Many students arrive on college campuses with the intention of pursuing science, technology, engineering or mathematics (STEM) majors and careers, but about half of them never complete a STEM degree (48% in a 2013 US Department of Education report). Of those who leave their STEM major, half eventually graduate with a non-STEM degree, but the rest leave college without earning any degree at all. Preparing undergraduates to join the STEM workforce is a high priority for universities, and this rate of attrition has captured the attention of university administrators and educational researchers.
Research on STEM dropouts indicates that students tend to leave their majors when they perform poorly in a course, perceive they lack the critical skills needed to perform tasks in STEM courses and professions, and lack the motivation to continue onward with their training. Dr. Matthew Bernacki and his project team are working to prevent course attrition and improve achievement in STEM courses, thus increasing the number of graduates who are hired into STEM professions.
Bernacki is Principal Investigator and recipient of a $499,973 award from the National Science Foundation to explore how students use learning management systems - such as UNLV's WebCampus - and whether features designed to help students build their learning skills and maintain their motivation can increase student achievement in STEM courses. The three-year, collaborative project with faculty from Biology (Jenifer Utz), Math (Carryn Warren-Bellomo, Monika Neda), and Engineering (Donald Hayes, Jeffrey Markle) and support from the Office of Information Technology began last fall and will continue through the summer of 2017.
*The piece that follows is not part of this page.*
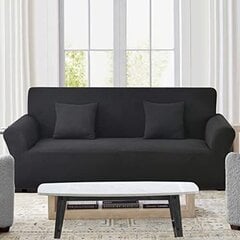Чехол на 2-местный диван жаккардовый, черный  цена и информация | Чехлы для мебели | 220.lv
Bernacki and his project team designed a set of three web-delivered modules - known as the Learning to Learn series - to teach students key learning skills known to improve learning and achievement. The three modules review the common challenges students face when learning while at college, then introduce them to learning principles. Each module explains a set of learning principles, describes a case where use of the principles improved student achievement, and provides students with interactive opportunities to practice and receive feedback as they incorporate these principles into their own approach to learning. In total, the Learning to Learn series requires about two hours of training that can be completed on students' own time via WebCampus.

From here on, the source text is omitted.